►
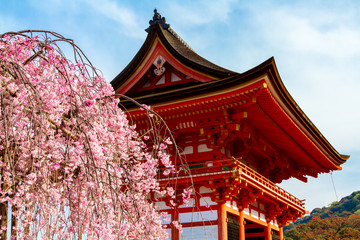 清水寺の桜
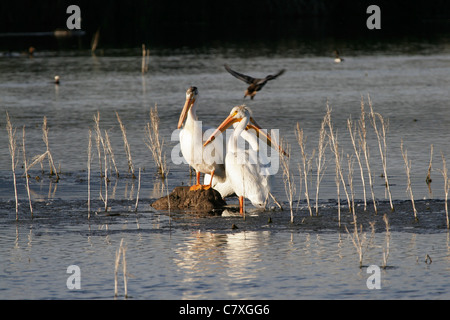 Drei amerikanische weiße Pelikane stehen auf exponierten Boden in einem See Stockfoto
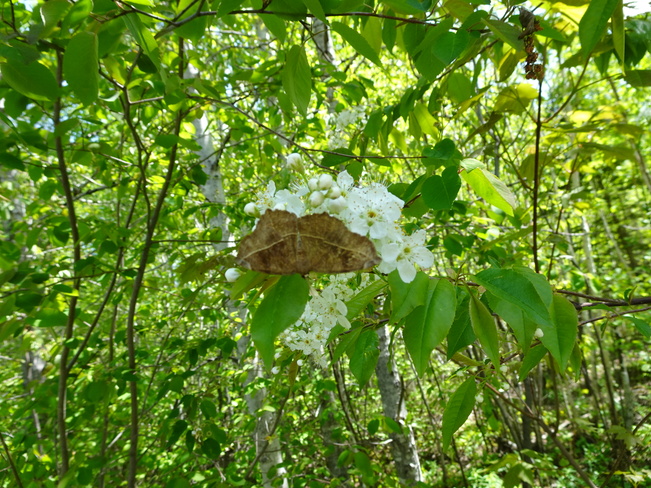 Butterfly Moth Leaf ? Sudbury, ON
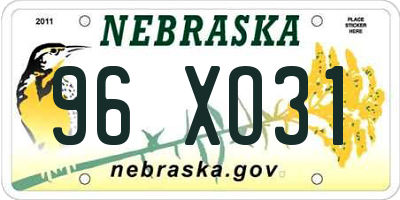 NE license plate 96XO31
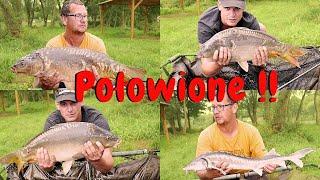 RYBY POŁAPANE | WIELKI POWRÓT DO METHOD FEEDER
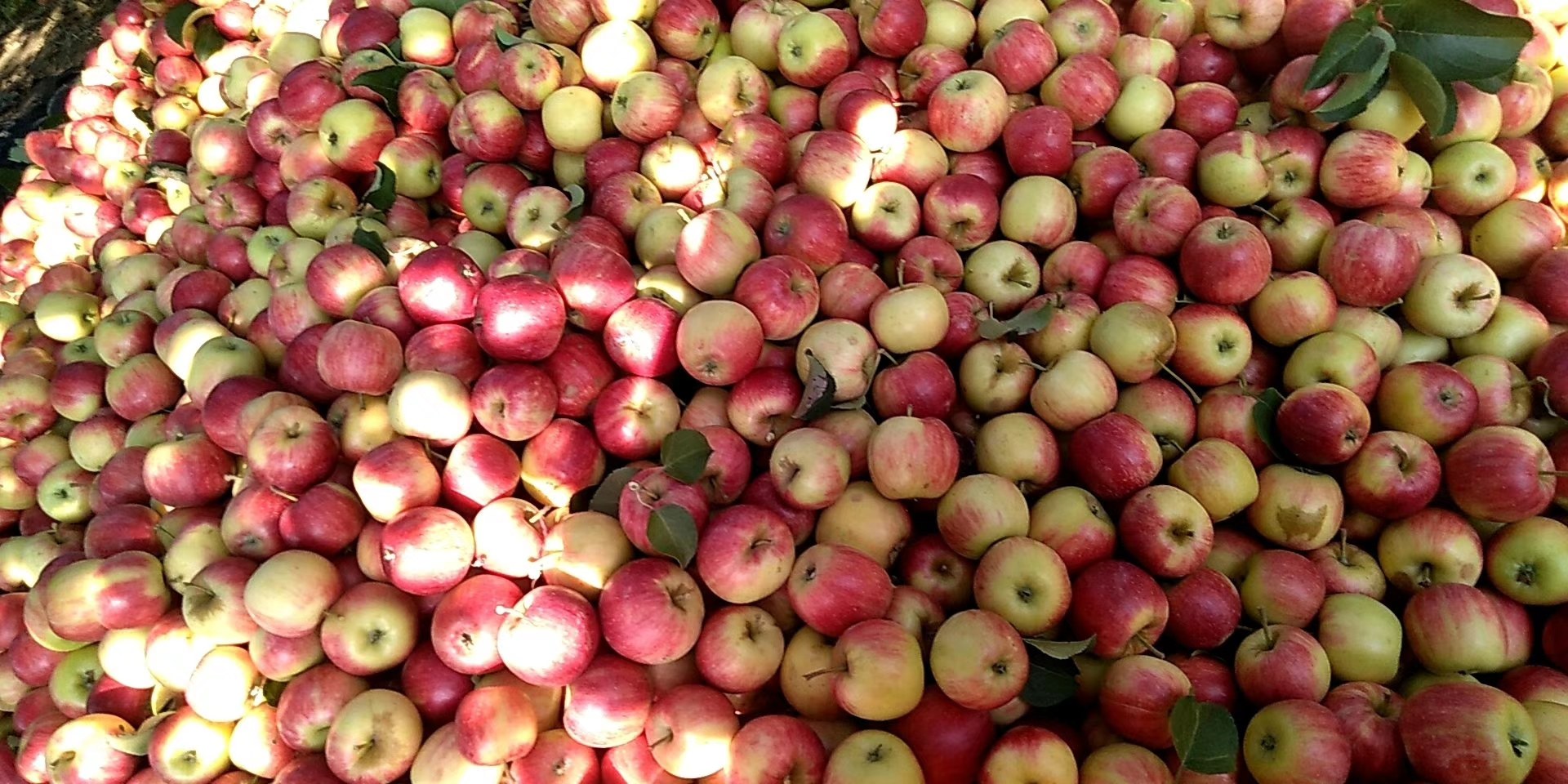 邢台123苹果版(邢台123改版后交友)-第5张图片-QuickQ官网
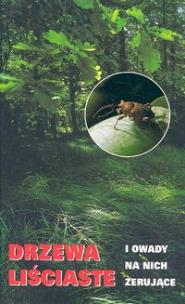 Okładka książki Drzewa liściaste i owady na nich żerujące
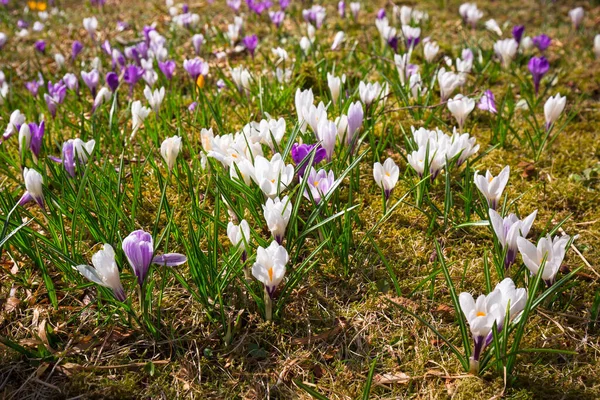 Hermosas Flores Cocodrilo Floreciendo Parque Alesund Noruega — Foto de Stock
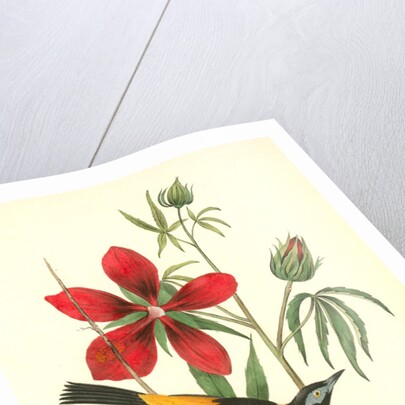 Common Troupial. Male by John James Audubon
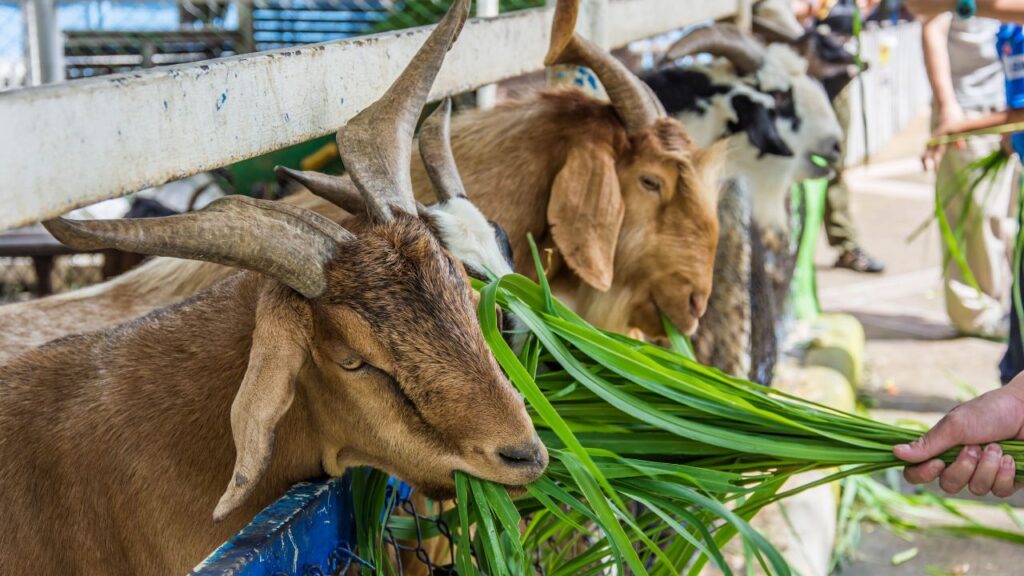 Goat Farming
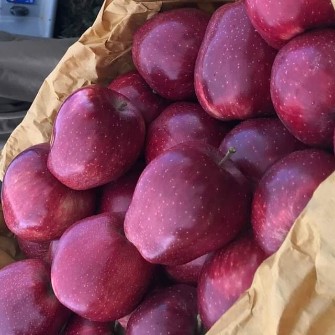 سیب زرد و قرمز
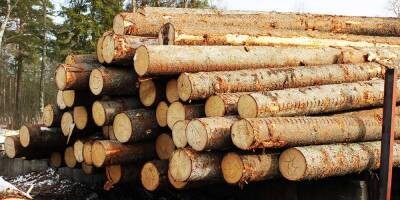 Минпромторг предложил запретить поставки древесины в ЕС и США
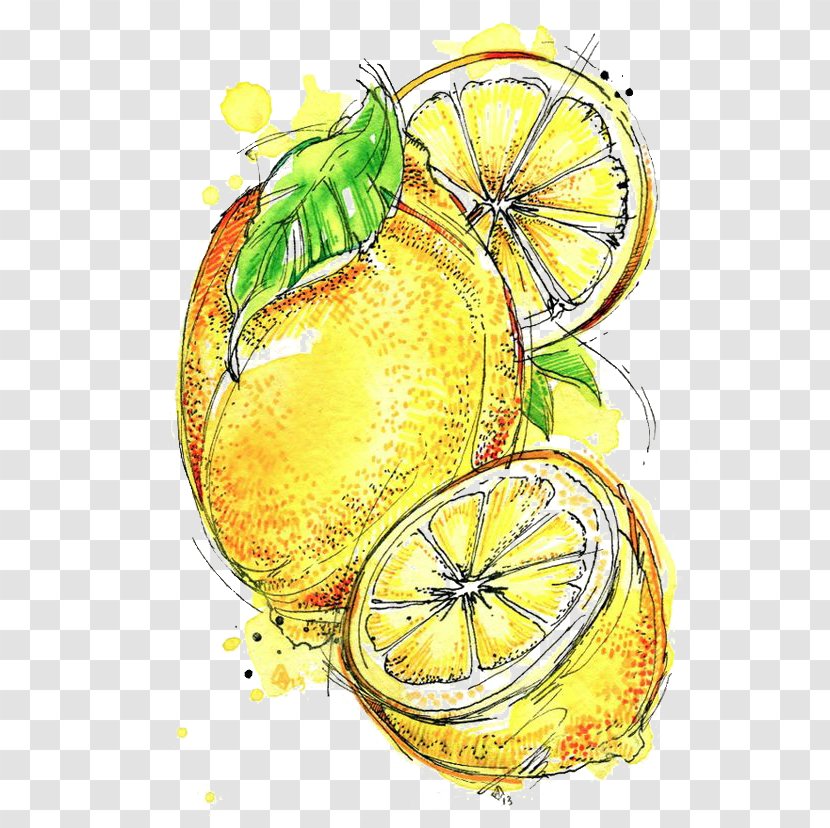 Lemon-lime Drink Cocktail - Lemon Transparent PNG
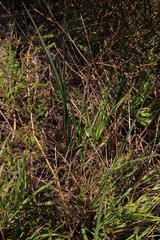 Aspalathus retroflexa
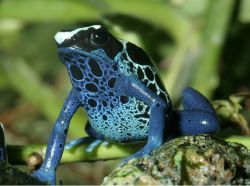 Surinam, Frosch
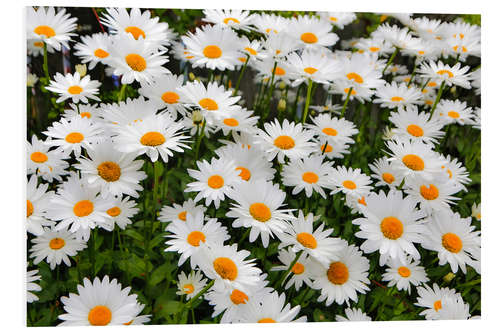 Foam board print White daisy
◄
WORK TO COMPLETE:
Restate, exactly as they appear, the line with "Common Troupial. Male by John James Audubon" and all the lines after it up to the end of the data above; images do not belong in the copy.

ANSWER SPACE:
 Common Troupial. Male by John James Audubon
 Goat Farming
 سیب زرد و قرمز
 Минпромторг предложил запретить поставки древесины в ЕС и США
 Lemon-lime Drink Cocktail - Lemon Transparent PNG
 Aspalathus retroflexa
 Surinam, Frosch
 Foam board print White daisy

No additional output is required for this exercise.